I’ve been tinkering with AntConc, Laurence Anthony’s free concordancer, which has led me down a bit of a rabbit hole of lists generated by corpus linguists over the past 60 years. I’ve listed a few that I’ve used, sometimes within AntConc, to analyze students’ writing. If you’ve taught students to investigate their linguistic hunches via the Corpus of Contemporary American English (COCA), you might also consider teaching them to put their own writing into a tool like AntConc to analyze their own writing as well. By including the lists below a blacklist (do not show) or a whitelist (show only these), students can hone in on a more specific part of their vocabulary. Most of these lists are available for download, which means you can be up and running with your own analysis very quickly.
The lists (in chronological order):
General Service List (GSL) – developed by Michael West in 1953; based on a 2.5 million word corpus. (Can you imagine doing corpus linguistics in 1953? Much of it must have been by hand, which is mind boggling.) Despite criticism that it is out of date (words such as plastic and television are not included, for example), this pioneering list still provides about 80% coverage of English.
Academic Word List (AWL) – developed by Averil Coxhead in 2000; 570 words (word families) selected from a purpose-built academic corpus with the 2000 most frequent GSL words removed; organized into 9 lists of 60 and one of 30, sorted by frequency. Scores of textbooks have been written based on these lists, and for good reason. In fact, we have found that students are so familiar with these materials, they test disproportionately highly on these words versus other advanced vocabulary.
Academic Vocabulary List (AVL) – the 3000 most frequent words in the 120 million words in the academic portion of the 440 million word Corpus of Contemporary American English (COCA). This word list includes groupings by word families, definitions, and an online interface for browsing or uploading texts to be analyzed according to the list.
New General Service List (NGSL) – developed by Charles Browne, Brent Culligan, and Joseph Phillips in 2013; based on the two-billion-word Cambridge English Corpus (CEC); 2368 words that cover 90.34% of the CEC.

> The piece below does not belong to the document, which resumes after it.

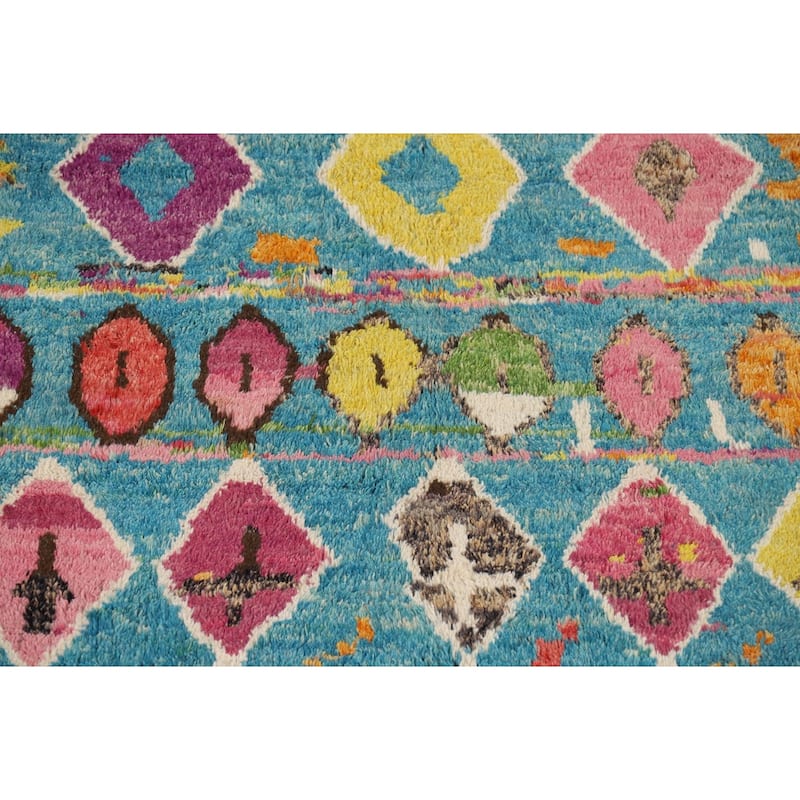 Hand Knotted Oriental 100% Wool Carpet Modern Tribal Navy Blue & Blues Moroccan Area Rug - 9' 8'' X 6' 2''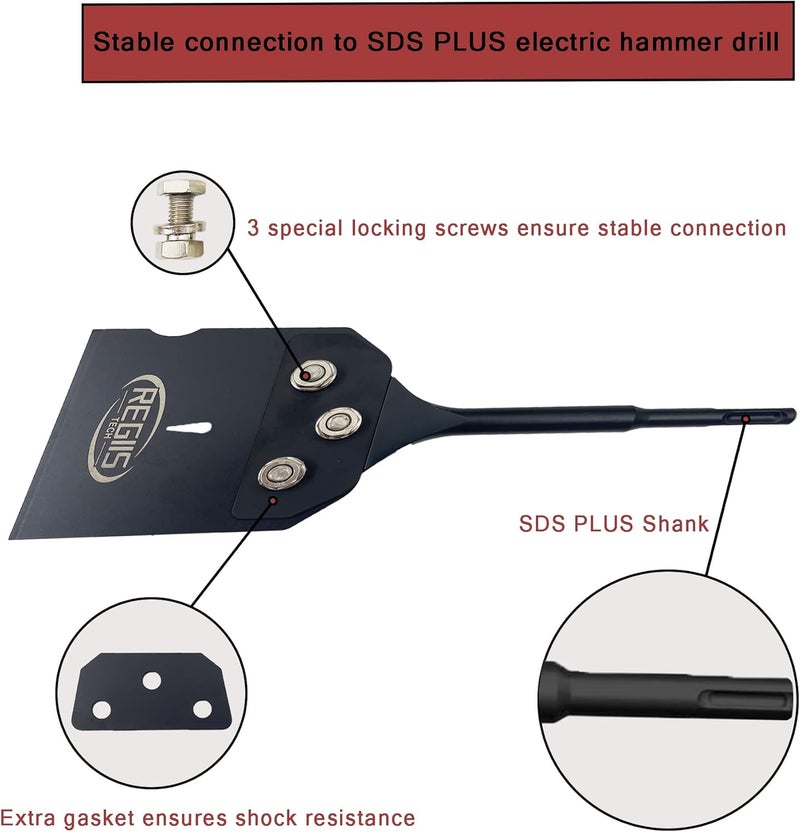 Regiis Tech SDS Plus Floor Scraper 4 in. x 10 in. Wide Tile Flooring Adhesives Remover Black Painted,Thinset Removal Tool Chisel Bit with Spare Blades for Rotary Hammer Drill - Image 3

New Academic Word List (NAWL) – based on three components: the CEC Academic Corpus; two oral corpora, the Michigan Corpus of Academic Spoken English (MICASE) and the British Academic Spoken English (BASE) corpus; and on a corpus of published textbooks for a total of 288 million words. The NAWL is to the NGSL what the AWL is to the GSL in that it contains the 964 most frequent words in the academic corpus after the NGSL words have been removed.